JDBC Connector¶
Reads and writes any JDBC-compatible database: PostgreSQL, MySQL, Oracle, SQL Server, Redshift, Snowflake (via JDBC driver), and more.
Read¶
CONFIG:
inputs:
customers:
format: jdbc
url: "jdbc:postgresql://db-host:5432/mydb"
table: public.customers # or use sql:
user: "{{ env.DB_USER }}"
password: "{{ env.DB_PASS }}"
options:
fetchsize: "10000"
Parallelised read (requires a numeric partition column):
large_table:
format: jdbc
url: "jdbc:postgresql://db-host:5432/mydb"
table: public.transactions
user: "{{ env.DB_USER }}"
password: "{{ env.DB_PASS }}"
options:
partitionColumn: id
lowerBound: "1"
upperBound: "10000000"
numPartitions: "16"
fetchsize: "50000"
Custom SQL:
recent_orders:
format: jdbc
url: "jdbc:postgresql://db-host:5432/mydb"

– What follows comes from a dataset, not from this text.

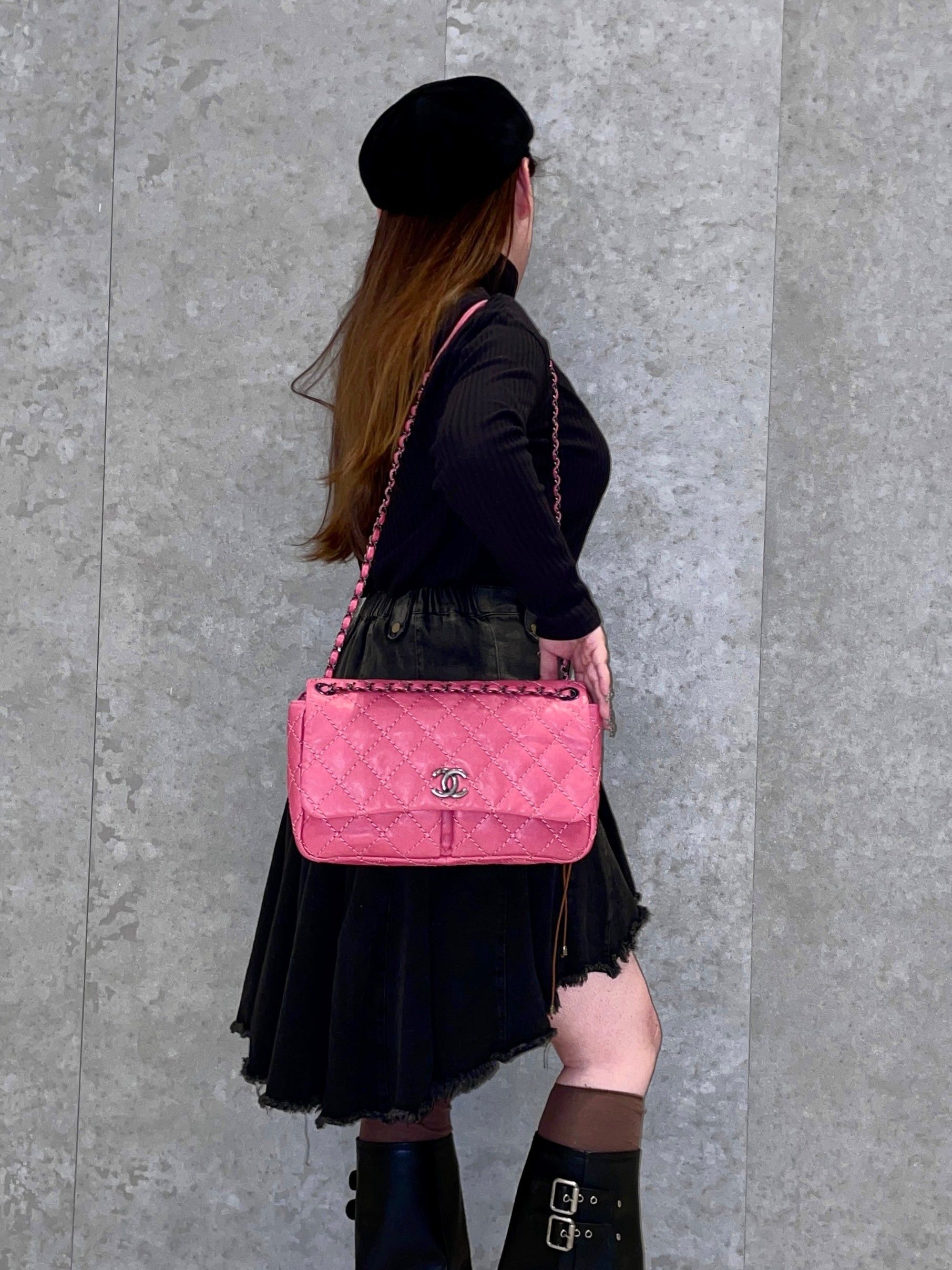Chanel Chanel Wild Stitch Pocket Double Chain Shoulder Flap Bag Size ONE SIZE - 3 Thumbnail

sql: "SELECT * FROM orders WHERE created_at >= '{{ dt }}'"
user: "{{ env.DB_USER }}"
password: "{{ env.DB_PASS }}"
Requirement
url is required. Either table or sql is required.
Write¶
CONFIG:
outputs:
predictions:
format: jdbc
url: "jdbc:postgresql://db-host:5432/mydb"
table: ml.predictions
user: "{{ env.DB_USER }}"
password: "{{ env.DB_PASS }}"
mode: append
options:
batchsize: "5000"
truncate: "true"
Fields¶
| Field | Type | Required | Description |
|---|---|---|---|
format |
"jdbc" |
Yes | Selects this connector |
url |
string | Yes | JDBC connection URL |
table |
string | Conditional | Fully qualified table name (required unless sql set) |
sql |
string | Conditional | SQL query for reads (alternative to table) |
user |
string | No | Database username |
password |
string | No | Database password — use {{ env.VAR }} |
mode |
overwrite | append |
No | Write mode (outputs only) |
options |
dict | No | Spark JDBC options |
JDBC URLs by database¶
| Database | URL pattern |
|---|---|
| PostgreSQL | jdbc:postgresql://host:5432/db |
| MySQL | jdbc:mysql://host:3306/db |
| Oracle | jdbc:oracle:thin:@host:1521/SID |
| SQL Server | jdbc:sqlserver://host:1433;databaseName=db |
| Redshift | jdbc:redshift://cluster.id.region.redshift.amazonaws.com:5439/db |
JDBC driver setup¶
The JDBC driver JAR must be on the Spark classpath:
ENGINE:
spark_conf:
spark.jars: "/opt/spark/jars/postgresql-42.7.0.jar"
# or for multiple JARs:
# spark.jars: "/opt/spark/jars/pg.jar,/opt/spark/jars/mysql.jar"
On Databricks, install the driver via the cluster Libraries UI.